Quels sont risques à long terme d'une telle politique ?

Il n’y a pas que des risques à long terme : les dépenses d’investissement public ont des effets d’entrainement sur l’investissement privé, comme le montre une étude récente que nous avons mené avec Jérôme Creel et Francesco Saraceno (voir ici). D’autres études (résumées ici par Eric Heyer) ont aussi montré que l’effet multiplicateur (l’effet sur le PIB d’une hausse de la dépense publique) est très fort en bas de cycle comme c’est le cas aujourd’hui. Ces deux éléments suggèrent que baisser les dépenses d’investissement public dans la situation actuelle a d’importants effets négatifs sur la croissance française.

A long terme, le risque d’une telle politique est de réduire la qualité des infrastructures publiques, qui, en outre, constituent un des premiers avantages de la France pour attirer les entreprises étrangères selon l’AFII. On notera aussi que cette baisse des investissements publics n’est pas homogène dans l’espace, et pose question pour l’égalité des territoires.

Au regard du contexte actuel, entre taux zéro et manque d’investissement, en quoi une nouvelle approche serait souhaitable ? Une telle politique est-elle possible sans menacer la pérennité des comptes publics ?

Deux problèmes entravent les décisions en termes d’investissement public.
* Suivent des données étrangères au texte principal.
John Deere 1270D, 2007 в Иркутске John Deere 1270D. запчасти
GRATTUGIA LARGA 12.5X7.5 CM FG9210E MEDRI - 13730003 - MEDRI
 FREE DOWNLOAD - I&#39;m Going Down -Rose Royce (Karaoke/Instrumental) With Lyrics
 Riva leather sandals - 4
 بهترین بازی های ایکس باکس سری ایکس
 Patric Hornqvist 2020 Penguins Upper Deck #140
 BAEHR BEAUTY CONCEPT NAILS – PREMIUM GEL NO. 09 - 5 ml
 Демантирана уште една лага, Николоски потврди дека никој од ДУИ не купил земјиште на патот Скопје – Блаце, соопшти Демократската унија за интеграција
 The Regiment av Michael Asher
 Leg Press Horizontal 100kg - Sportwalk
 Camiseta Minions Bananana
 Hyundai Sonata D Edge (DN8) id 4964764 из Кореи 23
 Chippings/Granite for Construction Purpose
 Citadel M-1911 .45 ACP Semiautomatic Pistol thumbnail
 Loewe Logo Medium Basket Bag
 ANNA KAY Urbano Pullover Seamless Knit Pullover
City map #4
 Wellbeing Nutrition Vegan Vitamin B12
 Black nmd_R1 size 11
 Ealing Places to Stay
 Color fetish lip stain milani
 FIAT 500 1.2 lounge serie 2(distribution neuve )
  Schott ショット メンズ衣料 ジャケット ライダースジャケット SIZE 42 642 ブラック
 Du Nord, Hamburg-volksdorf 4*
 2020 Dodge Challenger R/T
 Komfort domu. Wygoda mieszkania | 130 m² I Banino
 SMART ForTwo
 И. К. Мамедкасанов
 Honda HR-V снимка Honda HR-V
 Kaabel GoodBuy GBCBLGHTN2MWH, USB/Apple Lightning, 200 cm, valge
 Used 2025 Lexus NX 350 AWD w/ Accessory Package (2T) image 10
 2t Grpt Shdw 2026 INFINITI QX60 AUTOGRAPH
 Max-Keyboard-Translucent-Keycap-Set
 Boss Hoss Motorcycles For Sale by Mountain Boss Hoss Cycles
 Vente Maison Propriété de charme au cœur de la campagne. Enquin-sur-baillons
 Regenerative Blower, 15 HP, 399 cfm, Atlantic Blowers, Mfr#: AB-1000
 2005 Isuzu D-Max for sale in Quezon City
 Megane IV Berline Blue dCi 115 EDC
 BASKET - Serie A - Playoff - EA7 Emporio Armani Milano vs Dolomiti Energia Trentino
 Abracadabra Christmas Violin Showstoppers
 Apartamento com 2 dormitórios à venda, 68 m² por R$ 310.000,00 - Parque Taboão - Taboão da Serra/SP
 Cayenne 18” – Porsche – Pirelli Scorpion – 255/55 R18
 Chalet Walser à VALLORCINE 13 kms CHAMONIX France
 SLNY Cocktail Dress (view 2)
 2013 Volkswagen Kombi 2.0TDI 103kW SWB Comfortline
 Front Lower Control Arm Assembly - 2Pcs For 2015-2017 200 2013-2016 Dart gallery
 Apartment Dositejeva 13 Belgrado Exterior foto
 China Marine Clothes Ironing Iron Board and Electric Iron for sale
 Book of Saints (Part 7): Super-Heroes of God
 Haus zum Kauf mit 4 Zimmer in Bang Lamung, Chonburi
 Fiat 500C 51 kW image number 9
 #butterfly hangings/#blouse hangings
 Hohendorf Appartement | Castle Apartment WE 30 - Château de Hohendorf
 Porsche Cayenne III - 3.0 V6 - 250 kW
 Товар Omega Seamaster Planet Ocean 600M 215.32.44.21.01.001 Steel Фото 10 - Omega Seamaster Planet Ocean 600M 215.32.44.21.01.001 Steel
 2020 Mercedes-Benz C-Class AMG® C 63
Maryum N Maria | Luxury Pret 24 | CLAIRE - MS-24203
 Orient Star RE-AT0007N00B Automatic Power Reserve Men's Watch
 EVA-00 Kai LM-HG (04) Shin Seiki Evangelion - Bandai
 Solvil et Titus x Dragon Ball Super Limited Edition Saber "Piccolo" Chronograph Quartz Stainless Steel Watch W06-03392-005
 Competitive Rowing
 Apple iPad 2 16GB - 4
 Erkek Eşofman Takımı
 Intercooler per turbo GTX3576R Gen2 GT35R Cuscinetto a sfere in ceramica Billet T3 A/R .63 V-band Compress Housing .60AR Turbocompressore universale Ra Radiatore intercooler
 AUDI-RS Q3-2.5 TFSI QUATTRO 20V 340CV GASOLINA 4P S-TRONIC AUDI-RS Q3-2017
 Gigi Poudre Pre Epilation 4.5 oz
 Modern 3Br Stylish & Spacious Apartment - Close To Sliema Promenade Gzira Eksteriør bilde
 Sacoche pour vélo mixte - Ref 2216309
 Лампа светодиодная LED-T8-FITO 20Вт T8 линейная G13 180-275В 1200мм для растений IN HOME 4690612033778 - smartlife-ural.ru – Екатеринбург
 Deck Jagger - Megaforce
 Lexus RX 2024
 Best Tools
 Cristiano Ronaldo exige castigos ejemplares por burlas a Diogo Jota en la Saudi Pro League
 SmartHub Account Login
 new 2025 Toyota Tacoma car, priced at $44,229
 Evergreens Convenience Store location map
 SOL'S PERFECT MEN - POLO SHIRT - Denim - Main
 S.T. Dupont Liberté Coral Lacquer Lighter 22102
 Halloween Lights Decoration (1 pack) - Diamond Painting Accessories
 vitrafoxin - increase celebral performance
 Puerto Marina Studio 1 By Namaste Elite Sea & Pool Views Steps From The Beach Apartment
Premièrement, les règles budgétaires européennes considèrent que l’investissement public est une dépense comme les autres et est donc soumis aux mêmes contraintes. Deuxièmement, l’héritage du Traité de Maastricht veut que la question des comptes publics ne soit traitée que du côté du passif, c’est-à-dire des dettes. Or, il conviendrait, comme pour les entreprises et les ménages, d’avoir un raisonnement patrimonial et de considérer chaque dette au regard de sa contrepartie en termes d’actif. Alors que le passif financier de l’Etat était de 130% du PIB en 2014 (ou 96% du PIB au sens de Maastricht pour des questions de périmètre), l’actif financier est de 57% et l’actif non financier de 90%. La valeur nette est donc positive.

Si le projet est rentable (et pas seulement en termes financiers, mais pour la société, en termes écologiques, etc) et que son coût est faible (les taux d’intérêt sur les dettes souveraines sont à des niveaux historiquement faibles aujourd’hui), alors il n’y a aucune raison de réduire l’investissement public aujourd’hui. Au contraire même.